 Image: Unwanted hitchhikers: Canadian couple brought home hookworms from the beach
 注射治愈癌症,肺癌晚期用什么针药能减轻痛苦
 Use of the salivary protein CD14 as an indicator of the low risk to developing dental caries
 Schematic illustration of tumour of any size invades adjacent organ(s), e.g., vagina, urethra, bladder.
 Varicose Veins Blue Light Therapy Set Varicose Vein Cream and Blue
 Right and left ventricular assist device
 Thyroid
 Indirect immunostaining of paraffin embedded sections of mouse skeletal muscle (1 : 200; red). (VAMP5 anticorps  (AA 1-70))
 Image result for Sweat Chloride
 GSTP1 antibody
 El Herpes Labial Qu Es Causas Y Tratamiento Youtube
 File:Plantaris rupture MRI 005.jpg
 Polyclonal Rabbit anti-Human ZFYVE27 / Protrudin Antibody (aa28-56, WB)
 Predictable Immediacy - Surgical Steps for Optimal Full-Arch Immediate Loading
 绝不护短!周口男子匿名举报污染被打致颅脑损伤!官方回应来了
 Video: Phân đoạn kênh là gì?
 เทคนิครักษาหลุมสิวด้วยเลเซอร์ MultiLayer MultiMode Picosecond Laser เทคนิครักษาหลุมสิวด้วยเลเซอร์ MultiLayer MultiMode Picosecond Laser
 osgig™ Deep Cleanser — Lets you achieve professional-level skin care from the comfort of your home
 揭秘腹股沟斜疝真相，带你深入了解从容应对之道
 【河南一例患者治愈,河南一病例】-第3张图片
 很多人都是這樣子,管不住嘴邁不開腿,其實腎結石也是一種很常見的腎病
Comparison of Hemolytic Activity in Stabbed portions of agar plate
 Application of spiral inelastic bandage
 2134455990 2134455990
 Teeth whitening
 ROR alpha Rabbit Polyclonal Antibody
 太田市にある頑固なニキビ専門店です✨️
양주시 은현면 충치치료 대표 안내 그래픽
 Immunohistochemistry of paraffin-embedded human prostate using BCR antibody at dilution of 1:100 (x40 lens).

• **Problem statement**
The span to print begins at the line containing "注射治愈癌症,肺癌晚期用什么针药能减轻痛苦" and ends at the final line of the entries; print it exactly and print nothing else.

• **Answer area**
 注射治愈癌症,肺癌晚期用什么针药能减轻痛苦
 Use of the salivary protein CD14 as an indicator of the low risk to developing dental caries
 Schematic illustration of tumour of any size invades adjacent organ(s), e.g., vagina, urethra, bladder.
 Varicose Veins Blue Light Therapy Set Varicose Vein Cream and Blue
 Right and left ventricular assist device
 Thyroid
 Indirect immunostaining of paraffin embedded sections of mouse skeletal muscle (1 : 200; red). (VAMP5 anticorps  (AA 1-70))
 Image result for Sweat Chloride
 GSTP1 antibody
 El Herpes Labial Qu Es Causas Y Tratamiento Youtube
 File:Plantaris rupture MRI 005.jpg
 Polyclonal Rabbit anti-Human ZFYVE27 / Protrudin Antibody (aa28-56, WB)
 Predictable Immediacy - Surgical Steps for Optimal Full-Arch Immediate Loading
 绝不护短!周口男子匿名举报污染被打致颅脑损伤!官方回应来了
 Video: Phân đoạn kênh là gì?
 เทคนิครักษาหลุมสิวด้วยเลเซอร์ MultiLayer MultiMode Picosecond Laser เทคนิครักษาหลุมสิวด้วยเลเซอร์ MultiLayer MultiMode Picosecond Laser
 osgig™ Deep Cleanser — Lets you achieve professional-level skin care from the comfort of your home
 揭秘腹股沟斜疝真相，带你深入了解从容应对之道
 【河南一例患者治愈,河南一病例】-第3张图片
 很多人都是這樣子,管不住嘴邁不開腿,其實腎結石也是一種很常見的腎病
Comparison of Hemolytic Activity in Stabbed portions of agar plate
 Application of spiral inelastic bandage
 2134455990 2134455990
 Teeth whitening
 ROR alpha Rabbit Polyclonal Antibody
 太田市にある頑固なニキビ専門店です✨️
양주시 은현면 충치치료 대표 안내 그래픽
 Immunohistochemistry of paraffin-embedded human prostate using BCR antibody at dilution of 1:100 (x40 lens).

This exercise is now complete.